A network, or a graph, is a collection of objects that are interconnected. The objects are known as nodes, while the relationships among them are known as edges.

To start off, a common example of a network is a social network. Consider the picture of the social network below. It is comprised of a set of individuals and their connections. What are the nodes and edges?

The node represents an individual and the edge represents a connection.

node and connections in a network

Similarly, biological networks are also composed of nodes and edges. But in biological networks, the nodes can represent any biological entity such as genes and proteins. The edges between these nodes can represent functional, physical, and chemical interactions.

An example of a biological network is a protein-protein interaction network (PPI). Proteins do not act alone, instead, they interact with other proteins to perform a specific function. So through PPIs, we are able to predict the function, disease relevance, and drug targets of different proteins.

Thanks to the massive amount of experimental PPI data, there are repositories for PPI data. Some widely-used examples include BioGRID, STRING, and InBioMap. In particular, BioGRID has over a million genetic and protein interaction data. This data comes from the experimental data reported in peer-reviewed publications.

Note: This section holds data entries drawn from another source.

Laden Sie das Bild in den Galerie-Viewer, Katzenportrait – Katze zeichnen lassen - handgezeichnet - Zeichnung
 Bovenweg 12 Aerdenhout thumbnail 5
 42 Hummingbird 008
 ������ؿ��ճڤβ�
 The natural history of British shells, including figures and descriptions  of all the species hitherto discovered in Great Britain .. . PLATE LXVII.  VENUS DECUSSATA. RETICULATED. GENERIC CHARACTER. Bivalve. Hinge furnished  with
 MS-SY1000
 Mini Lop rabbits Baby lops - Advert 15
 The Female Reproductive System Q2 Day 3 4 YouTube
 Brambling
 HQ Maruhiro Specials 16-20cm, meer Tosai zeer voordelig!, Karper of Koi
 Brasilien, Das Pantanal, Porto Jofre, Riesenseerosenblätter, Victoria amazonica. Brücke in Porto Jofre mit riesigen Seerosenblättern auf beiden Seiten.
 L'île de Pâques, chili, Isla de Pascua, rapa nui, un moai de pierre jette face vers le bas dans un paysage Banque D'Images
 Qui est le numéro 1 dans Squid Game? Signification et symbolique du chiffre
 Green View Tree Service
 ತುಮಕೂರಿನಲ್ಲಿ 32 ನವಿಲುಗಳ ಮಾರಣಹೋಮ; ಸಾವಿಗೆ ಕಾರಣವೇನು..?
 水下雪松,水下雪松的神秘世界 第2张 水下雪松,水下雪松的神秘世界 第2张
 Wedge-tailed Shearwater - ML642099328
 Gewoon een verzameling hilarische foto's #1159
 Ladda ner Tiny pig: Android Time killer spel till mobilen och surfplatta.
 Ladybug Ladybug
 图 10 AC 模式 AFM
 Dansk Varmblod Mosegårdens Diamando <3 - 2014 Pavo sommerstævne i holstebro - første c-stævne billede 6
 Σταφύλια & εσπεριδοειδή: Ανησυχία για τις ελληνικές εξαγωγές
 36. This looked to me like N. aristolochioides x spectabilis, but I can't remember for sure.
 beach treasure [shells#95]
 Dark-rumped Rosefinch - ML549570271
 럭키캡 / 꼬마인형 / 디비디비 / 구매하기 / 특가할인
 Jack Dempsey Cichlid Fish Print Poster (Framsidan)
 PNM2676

Besides biological networks, there are many other networks. For example, Wikipedia and Blog Category are also networks. Blog Category has a social relationship network of bloggers on its website. It allows you to connect with bloggers who share the similar interests as you. So the nodes represent the bloggers, while the edges represent social relationships. The bloggers’ interests are used as labels.

Basic Graph Properties

Undirected vs. Directed Graphs

There are two main types of edges: undirected and directed. In directed graphs, the edges do have a direction. We can only travel from the origin to the destination. In an undirected graph, edges do not have direction. We can travel both ways.

So in this undirected graph above, the edge connecting A and C can be referred to as A-C or C-A. But in the directed graph, the edge connecting A and C can only be referred to as A-C.

Unweighted vs. Weighted Graphs

A weighted edge is an edge with an associated number/value. This is known as weight. The weight value can represent, for example, the length of the route. On the other hand, an unweighted edge does not have any values or weights.

In the weighted graph above, A-C has a value of 3. In the unweighted graph, there are no values.

Node Degree

Node degree is simply the number of connections that each node has to the rest of the network. If you have many connections, then you are influential. In the earlier example, node B has a degree of 3.

Node degree tells us about each node's connectivity, but it doesn't consider the node's situation in the whole network. Therefore, node degree is known to be a local measure, since it is based on connections with adjacent nodes.


Hopefully, you are now familiar with the basics of graph theory such as node degree, weights, and directed graphs. I encourage you to learn about different graph algorithms and implement them to real-world problems.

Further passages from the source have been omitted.